What you should do:
Without changing a word, repeat the data, and include no pictures.

Stored data:
○ ○ ○ ○

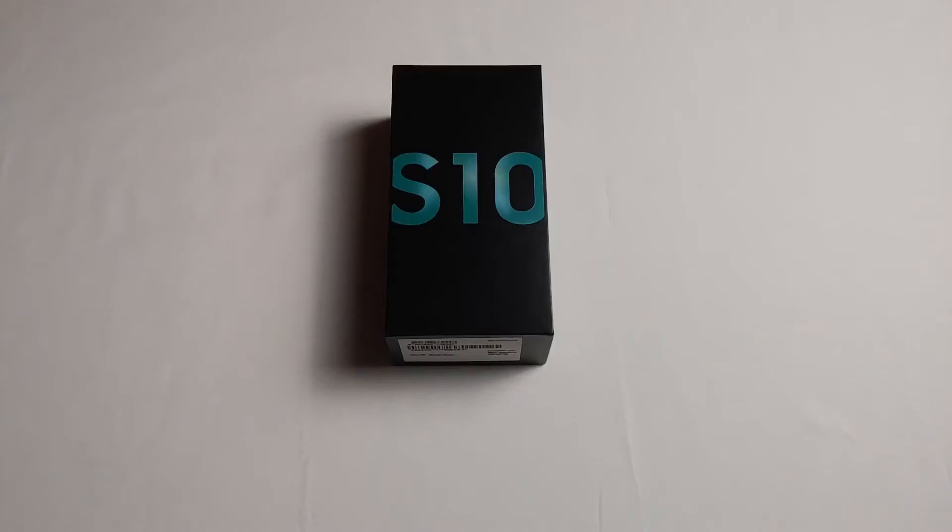Hello everyone, welcome to another unboxing. Today we'll be doing the unboxing of the Samsung Galaxy S10. This was released in 2019 — it was last year's flagship and represented a smart change in the overall shape of the phone. Today we're doing the prism green version, which is the international version, meaning it has the Exynos processor rather than the Snapdragon. You can get one of these for about $557 US.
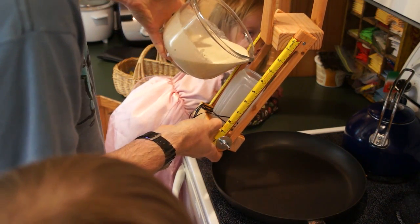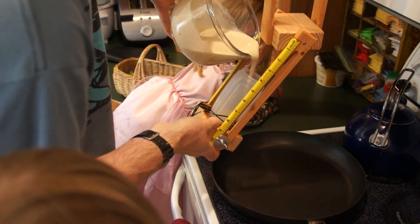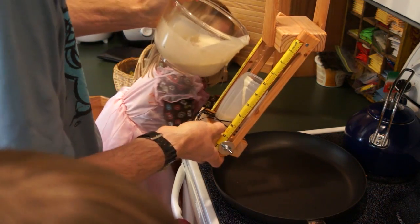I hope it doesn't make a mess. Let's see. Whoa! Did it make a mess? Daddy, you lost it! Look at my grip. You moved it.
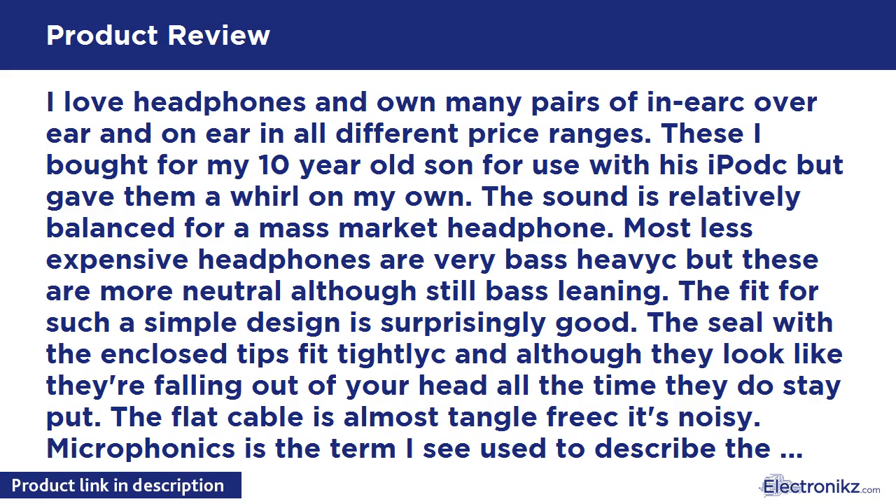Fabric covered cables tend to be quietest, and even the stock iPod and iPhone cables took this into account and made a quiet cable. But Soul's are pretty loud, and I could see this being very irritating if you planned on using these running or exercising. Sitting still, they were acceptable. The construction and design are commensurate with the price — lower end — but the sound quality is well above what I would expect from a set of in-ears at this price.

○ ○ ○ ○

Output of the exercise:
Hello everyone, welcome to another unboxing. Today we'll be doing the unboxing of the Samsung Galaxy S10. This was released in 2019 — it was last year's flagship and represented a smart change in the overall shape of the phone. Today we're doing the prism green version, which is the international version, meaning it has the Exynos processor rather than the Snapdragon. You can get one of these for about $557 US.
I hope it doesn't make a mess. Let's see. Whoa! Did it make a mess? Daddy, you lost it! Look at my grip. You moved it.
Fabric covered cables tend to be quietest, and even the stock iPod and iPhone cables took this into account and made a quiet cable. But Soul's are pretty loud, and I could see this being very irritating if you planned on using these running or exercising. Sitting still, they were acceptable. The construction and design are commensurate with the price — lower end — but the sound quality is well above what I would expect from a set of in-ears at this price.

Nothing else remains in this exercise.